Moreover, the concept of punishing and rewarding descendants raises troubling moral questions about individual versus familial
or group accountability. It simply isn’t fair to punish an innocent person for another’s sin. This issue first arose when
God punished Adam and Eve, not only by exiling
them
as individuals, but by inflicting painful sanctions on all working men and childbearing women. If the murder of Abel by Cain
is also seen as part of the punishment of their parents, then the life of the innocent Abel was forfeited to avenge a crime
he did not commit.
The flood, the destruction of Sodom and Gomorrah, and the slaughter of the entire clan of Shechem are other examples of collective
or familial punishment. The subsequent law books articulate conflicting rules regarding this difficult issue. The Ten Commandments
threaten punishment “to the fourth generation,” while Deuteronomy, thought to be a later work, mandates that “fathers shall
not be put to death for children, neither children be put to death for fathers: every man shall be put to death for his own
sin.” The commentators struggle to reconcile these apparently conflicting texts.
15
In addition to contradictory rules, we see inconsistent practices throughout the Bible. God commands the destruction of Amalek
throughout the generations for the crimes of one generation. He threatens reprisals on the descendants of sinners and rewards
on the descendants of just people. Sometimes the collective punishment is vertical (down through the generations), other times
it is horizontal (within one generation, but extending to the entire family, clan, or city). Yet paradoxically, God appears
to agree with Abraham that the innocent should not be swept along with the guilty.

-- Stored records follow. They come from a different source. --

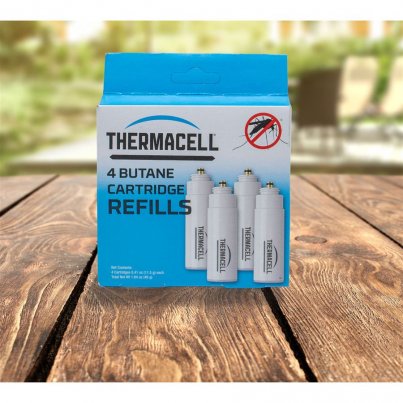Thermacell Náhradní butanová náplň 4 ks C-4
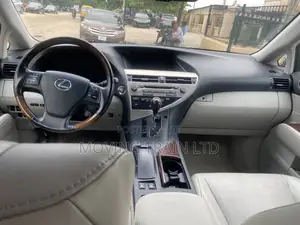 Lexus RX 350 2012 Silver
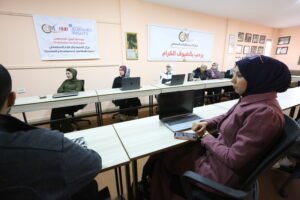 الإعلام المجتمعي يفتتح مساحة عمل آمنة لدعم الصحفيين والصحفيات 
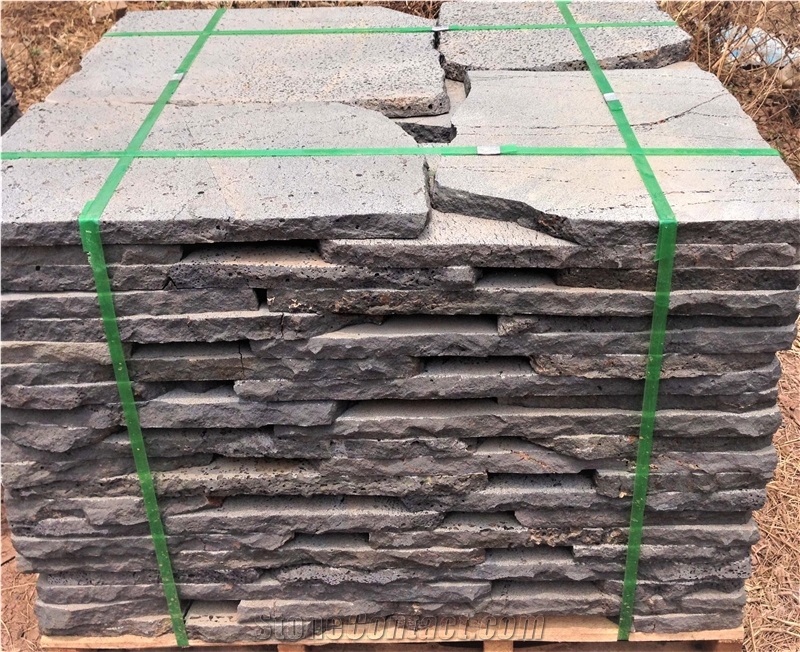 Lava Stone Garden Stepping Pavers, Paving Stone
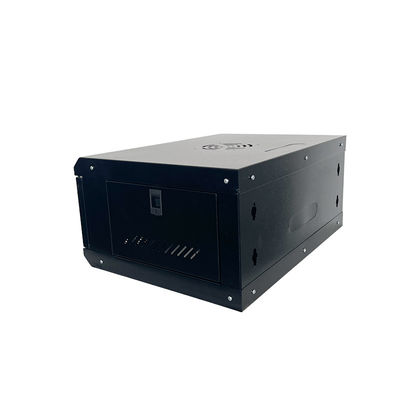 9U-Schranken-Netzwerk-Rack aus SPCC-Kaltgewalztem Stahl für Standard-Server-Rack-Schranken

Even today we have conflicting attitudes toward parental responsibility for the acts of their children. In the wake of the
shootings at Columbine High School there were calls for expanding the civil and criminal liability of parents. Following the
defeat of Nazi Germany, there were calls for collective sanctions against the German people. But in the end, the decision
was made to punish only those individuals whose guilt could be proved.
16
The Allies refused to employ the concept of
Sippenhaft
—punishment of kin—which had been widely used by the Nazis.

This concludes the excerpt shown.